95th ESA Annual Meeting (August 1 -- 6, 2010)

COS 20-8 - Are humans decreasing the frequency and/or magnitude of ecological synergies?  A review and case study employing multiple nutrient enrichment in Bahamian estuaries

Tuesday, August 3, 2010: 10:30 AM
334, David L Lawrence Convention Center
Jacob E. Allgeier1, Amy D. Rosemond1 and Craig A. Layman2, (1)Odum School of Ecology, University of Georgia, Athens, GA, (2)Applied Ecology, North Carolina State University, Raleigh, NC

Ecological synergies are of particular interest because their unpredictable nature hinders accuracy of ecological forecasting.  Synergies can occur in response to enrichment by multiple nutrients (typically nitrogen (N) and phosphorus (P)), whereby the response to simultaneous enrichment by N+P is greater than that predicted by their additive responses. Because producers typically need N and P for growth, it is predicted that a synergy would occur most strongly in an environment with low availability of both key nutrients. Most human activities enhance rather than reduce the availability of nutrients and thus may dampen the frequency and/or magnitude of synergies.  Here we explored the frequency at which synergies occurred in previously published studies and provide a case study to test how land-use change altered the magnitude of synergistic responses.  To determine patterns in synergistic responses to N and P, we applied a novel metric, the Interaction Effect Index (IEI), that quantifies the relative degree of non-additive responses to multiple nutrient enrichment (nitrogen - N, phosphorus - P, and both - N+P), to 653 studies across diverse ecosystem types and latitudes.  We then quantified benthic algal response to enrichment by N, P and N+P across a gradient of ecosystem fragmentation (blockage of tidal flow to shallow estuaries in The Bahamas) to assess the implications of land-use change for synergistic responses. 

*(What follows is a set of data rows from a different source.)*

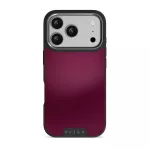 Dark Cherry - iPhone 17 Pro Case, Elite Dark (MagSafe) / Gunmetal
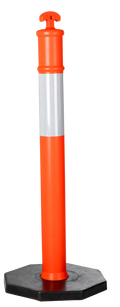 Traffic Plastic Post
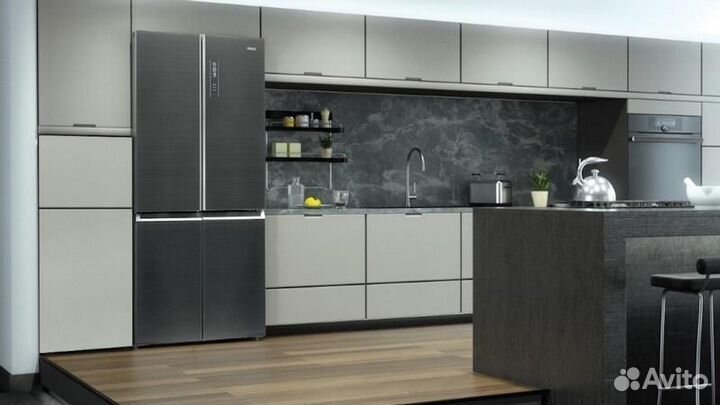 Холодильник haier HTF-508DGS7ru premium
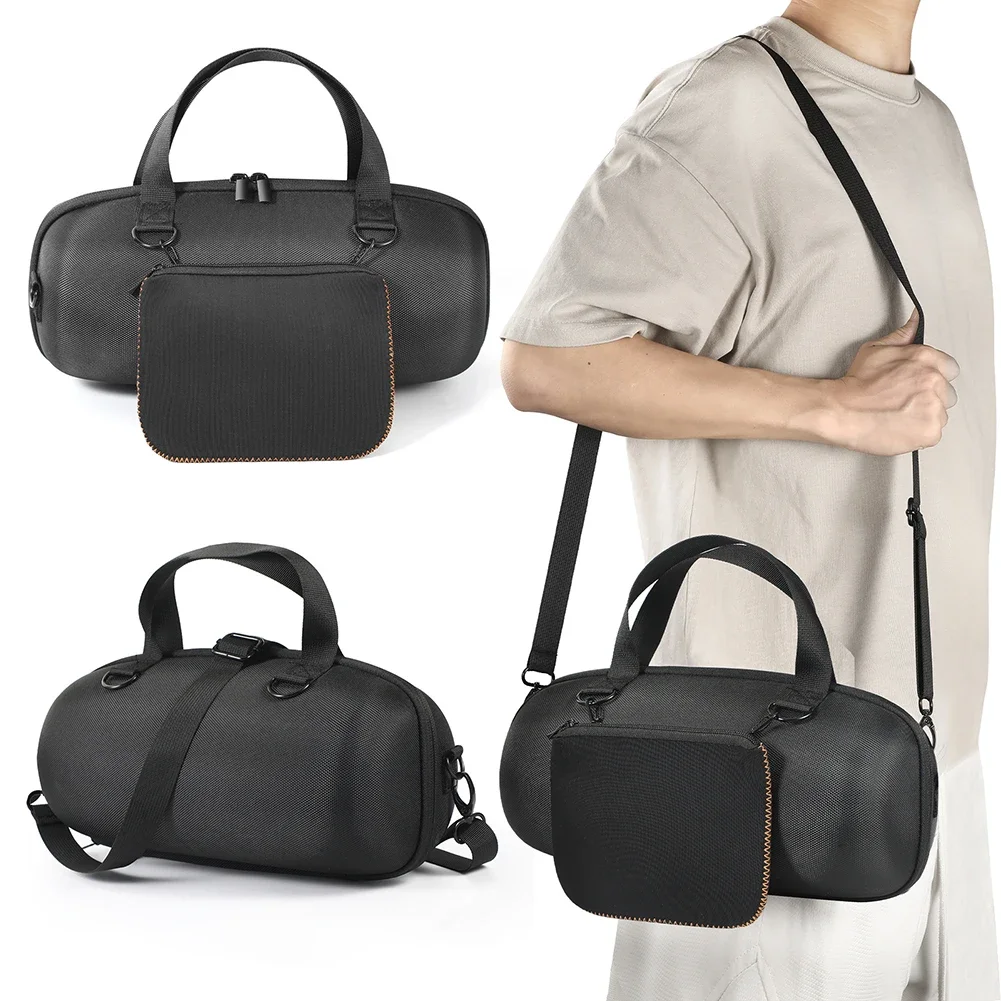 

Hard Carrying Case Waterproof Protective Travel Case with Zipper Pocket Bag&Shoulder Strap for JBL Xtreme 4 Wireless BT Speaker
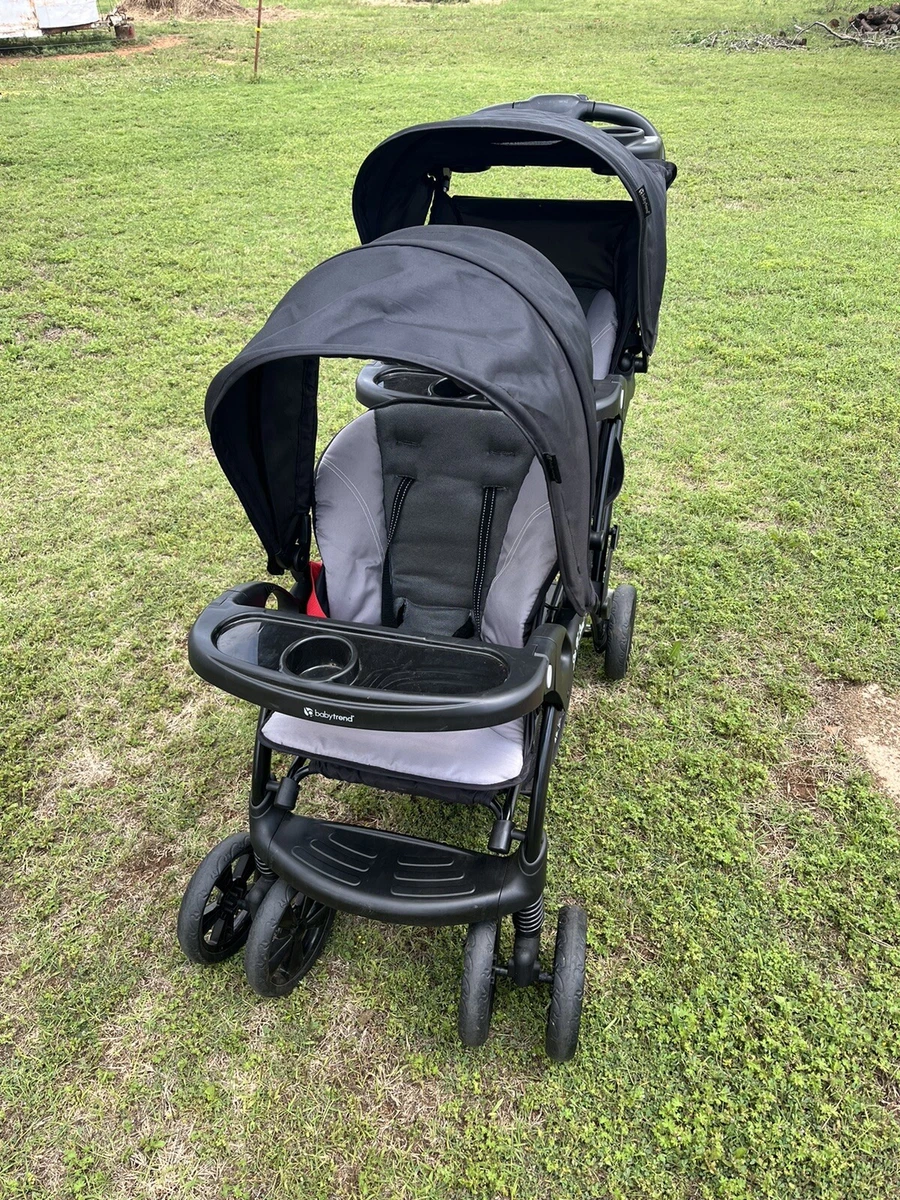 Baby Trend Double Stroller SS76072A 90014021351 eBay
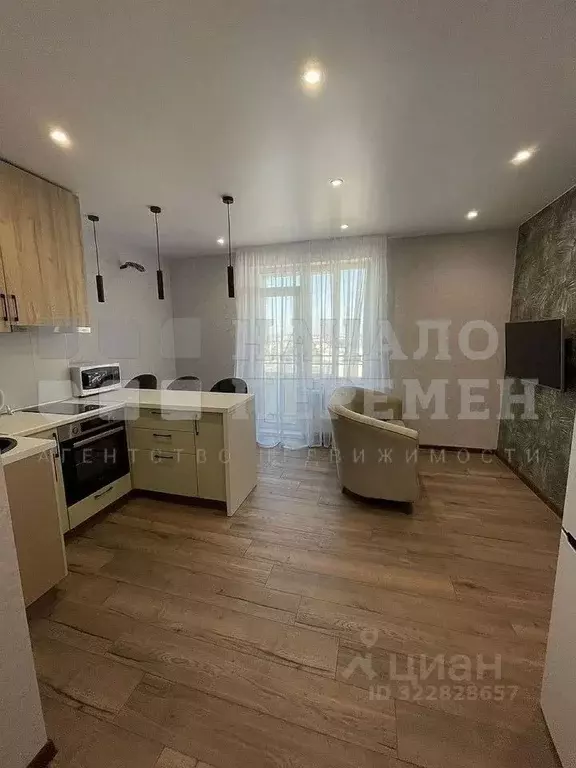 Студия Новосибирская область, Новосибирск ул. Семьи Шамшиных, 89 (46.0 ... - Фото 2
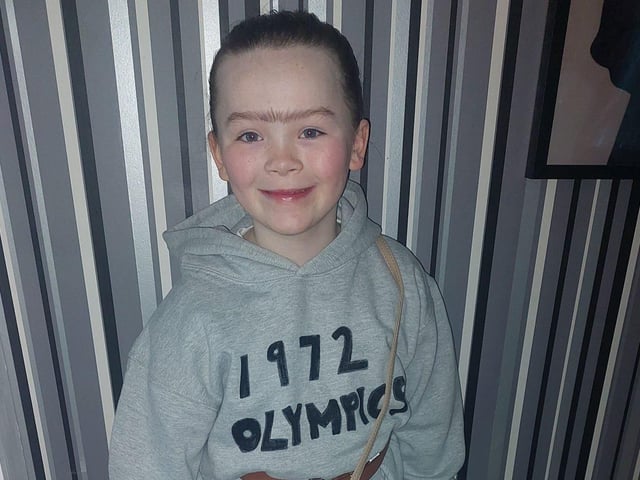 Allie as Miss Trunchbull from Matilda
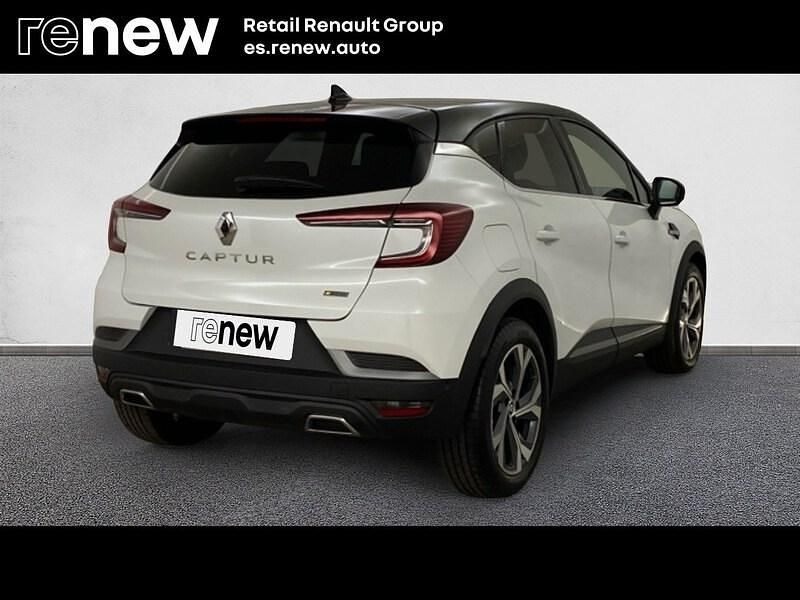 Usado Renault Captur RS Line 160 CV (117 kW) 2021 Blanco SUV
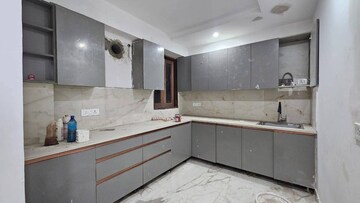 Kitchen in 2 BHK Builder Floor at Saket – for Rent
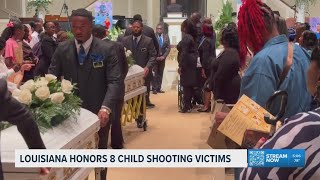Community gathers to honor eight children killed in Shreveport shooting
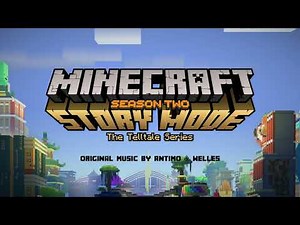 The Admin Theme (205 Intro) [Minecraft Story Mode 205 OST]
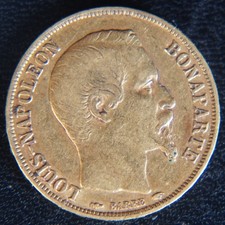 Piece francs 1852 d'occasion  Triel-sur-Seine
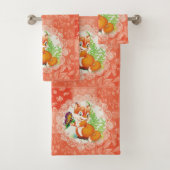 motif renard et papillon (En situation)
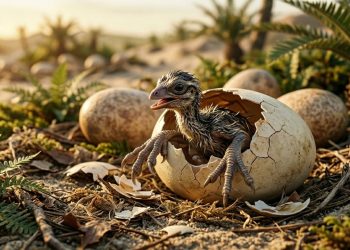 O “Dragãozinho Chinês” nasceu em um ovo gigante e cresceria para se tornar um verdadeiro titã do Cretáceo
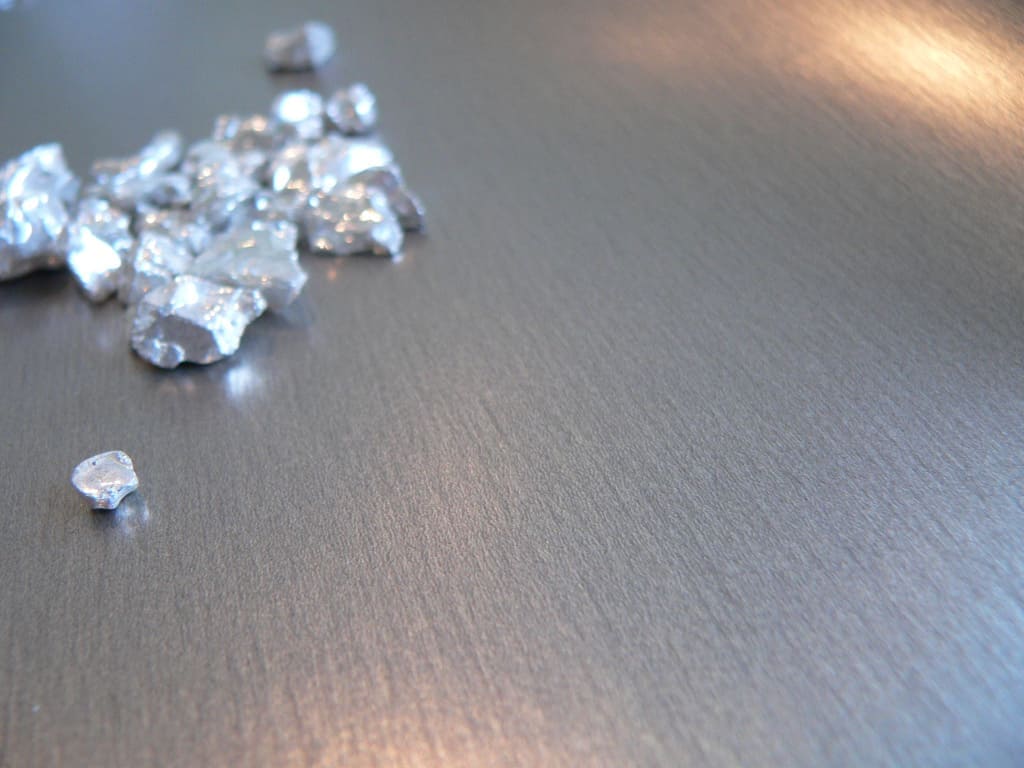 Metaliczna folia, Kröning.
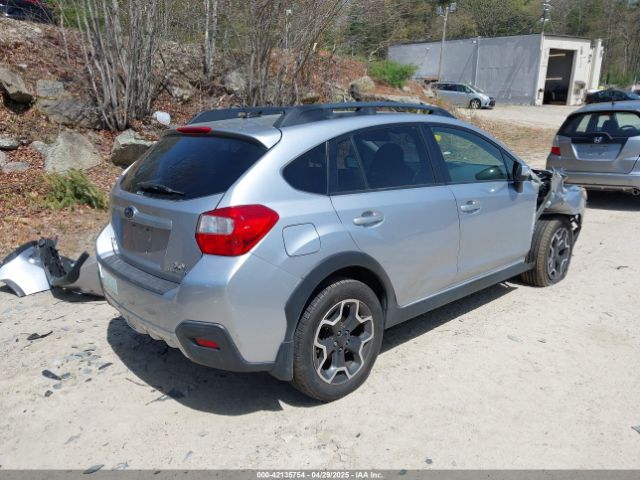 JF2GPAFC2F8234041 Subaru Xv Crosstrek 2.0i Premium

We found that synergies occurred less commonly than alternative responses (e.g., antagonisms) across all ecosystem types.  But when they did occur, they were often great in magnitude.  Synergistic responses were strongest in freshwater and temperate systems, and weakest in terrestrial and arctic systems.  We found that ecosystem fragmentation resulted in greater algal biomass and reduced magnitude of synergisms than in unfragmented sites.  A strong negative correlation (R2 = 0.78) was found between algal biomass under control conditions (a surrogate for base ecosystem productivity) and the magnitude of synergism (as quantified by the IEI).  Our findings demonstrate anthropogenic changes to coastal systems may be shifting nutrient limitation from historical baselines, thereby affecting our basic understanding of how relatively pristine ecosystems function.